[squeak-dev] Cuis font sizes

David T. Lewis lewis at mail.msen.com
Sun Aug 30 13:58:11 UTC 2009


Subbu,

Thanks for this excellent overview of fonts. I've never seen this topic
explained clearly in one place before.

Dave

On Sun, Aug 30, 2009 at 04:13:00PM +0530, K. K. Subramaniam wrote:
> On Saturday 29 Aug 2009 8:48:18 pm Juan Vuletich wrote:
> > I'll have time for this on Monday. I guess the first thing to do is to
> > understand what is the correct font for '12 point'. I mean, the correct
> > ascent/descent and line grid, and the correct shape of the glyphs. Some
> > specification of mean kerning / length of strings would be nice too.
> In traditional typography, the point referred to the size of the metal block 
> used to carve shapes (glyphs).  The size of a Point depended on 
> regional/political affiliations :-). Anglo-american point was about 72.27 points 
> to an inch. Not all shapes would be contained within its metal block base. 
> Some (see g in the picture http://ilovetypography.com/2008/03/23/sunday-type-
> bright-type/) would also extend (kern) beyond its base.

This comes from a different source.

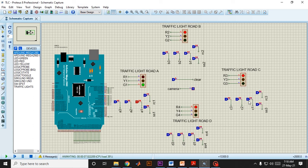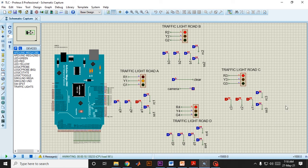So all the sensors of Road C are now active, and as you can see, now Road C gets green signal rather than Road A.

String length would be 
> the sum of metal block widths. The sum of shape widths in a run of characters 
> could differ from the string length due to kerns.
> 
> Digital typography uses co-ordinate grids instead of a metal block. It defines 
> Point (aka DTP point or Postscript point) as 1/72th of an inch. Grid size 
> varies for different fonts. TTF uses grids of 512, 1024 or 2048. The point size 
> used in font names are 'design size'. i.e. a modern 12pt TTF contains glyphs 
> drawn inside a 2048x2048 grid that will *look like* a 12pt metal typeface when 
> scaled to various digital canvases like a 96dpi screen or 1200 dpi printer. 
> 
> Though we continue using the term 'glyph' (carving), images are computed on 
> the grid using a 'pictal' process and then scaled to the target canvas. A 
> Truetype font is actually a bytecode program interpreted by a font engine 
> (e.g. Freetype) to scale glyphs at run time. Internally, glyphs are defined in 
> terms of lines and curves in a grid (called em-square) of size 512, 1024 or 
> 2048. Given a canvas (dpi, depth), a glyph code and a point size "hint", the 
> font engine will scale a glyph and tweak them using 'hints' expressed in 
> bytecodes. For instance, stretching a '(' vertically may scale only the middle 
> part and leave the tips alone. The o in "xo" will slightly overshoot x for 
> good visual flow.
> 
> However, aesthetic rendering requires a context and a run of characters. The 
> spacing between one character to the next is dictated by kern and direction. 
> Sometimes, adjacent glyphs may coalesce into a more compact or even different 
> shape (e.g. ffi) called a ligature. Runs are handled by a text rendering engine 
> (e.g. Pango, Qt, ghostscript). Of course, the ligated glyph shape should exist 
> in the font.
> 
> Squeak's text printing algorithms only consider boxes and kerns - no 
> ligatures, no hyphenation, no direction. Building a true multilingual layout 
> engine is a non-trivial task. Mac and Wintel have only one shaping engine 
> while Linux has multiple options (Pango, Qt, ICU, m17n, Graphite). Pango and 
> Qt are widely used. Squeak should be able detect and load shaping engines on 
> the fly on Linux or allow command line options to pick a wrapper plugin.
> 
> There is also the blue plane approach proposed in FoNC paper - treat text 
> boxes like graphic objects. A Font engine is just a specialized vector graphic 
> editor that avoids intensive geometric computations by caching precomputed 
> shapes in a glyph table. Allow graphic objects to have class level editors. 
> Then when a glyph is missing for a character code, open a glyph editor and 
> allow a new shape to be defined on the fly or imported from a public font 
> definition file. Beats displaying $?.